◆ **The task**
Return exactly the run of lines that begins at the line containing "Grilled pork ribs on the grill. Grilled" and ends at the last line of the material below; pictures stay out.

◆ **Dataset excerpt**
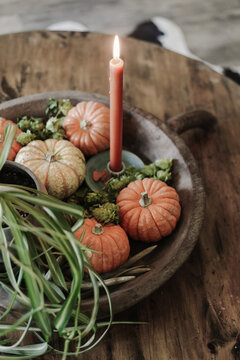 decorative fall gourds in a handmade wood bowl
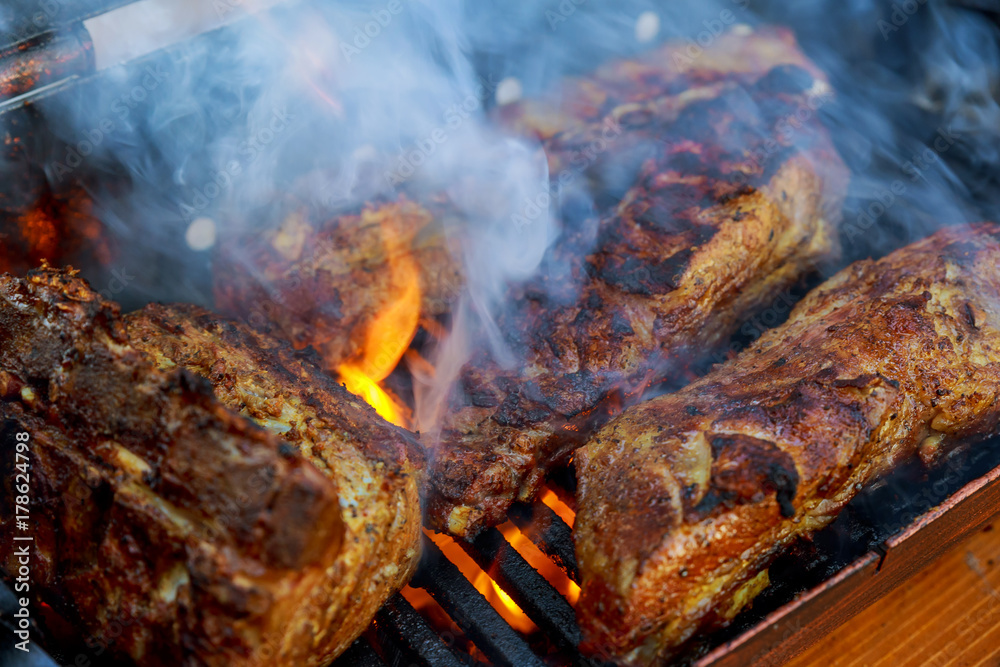 Grilled pork ribs on the grill. Grilled pork ribs on the grill.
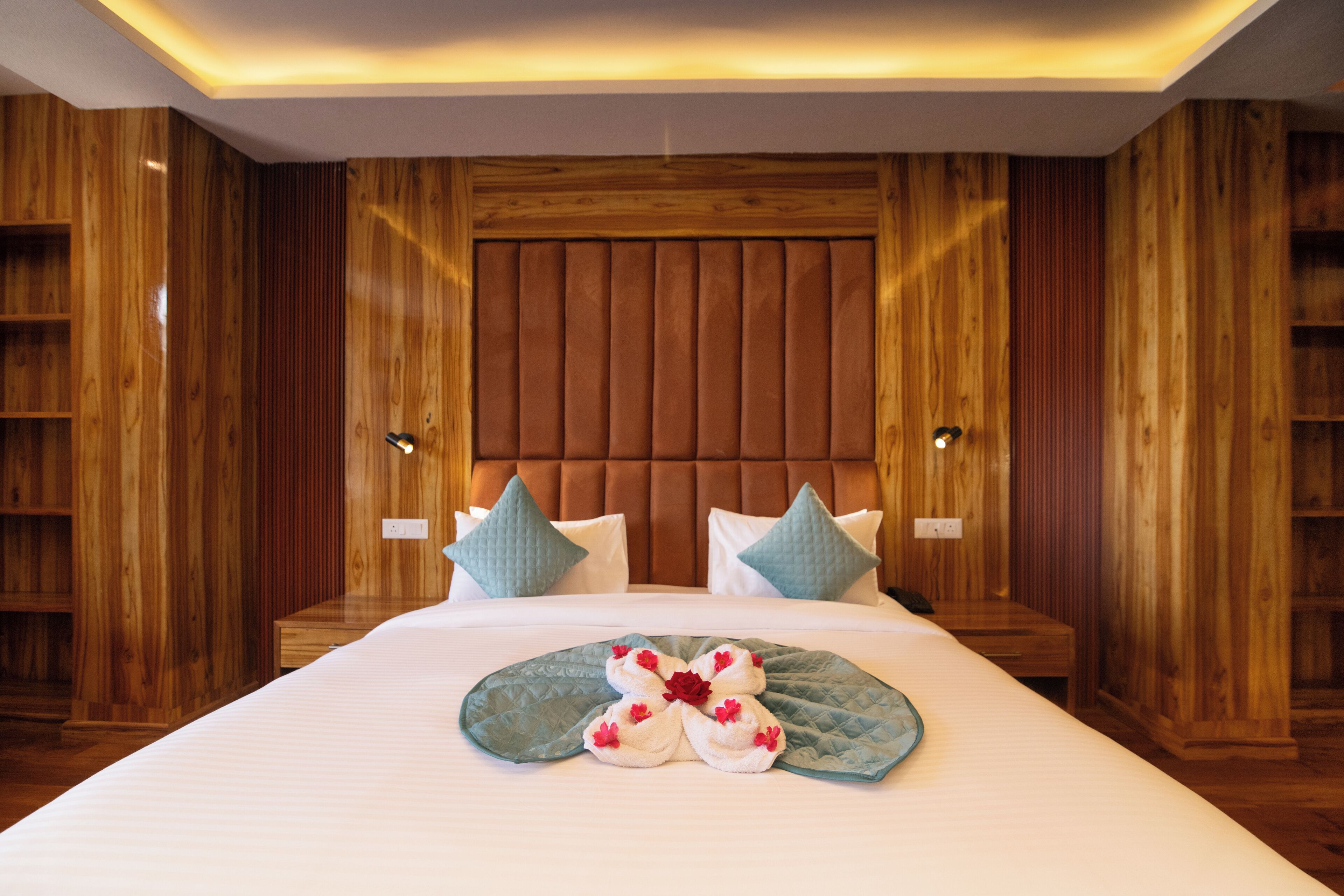 Une chambre d’hôtel avec un grand lit, des lambris en bois et une tête de lit dotée de lattes verticales.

◆ **Answer section**
 Grilled pork ribs on the grill. Grilled pork ribs on the grill.
 Une chambre d’hôtel avec un grand lit, des lambris en bois et une tête de lit dotée de lattes verticales.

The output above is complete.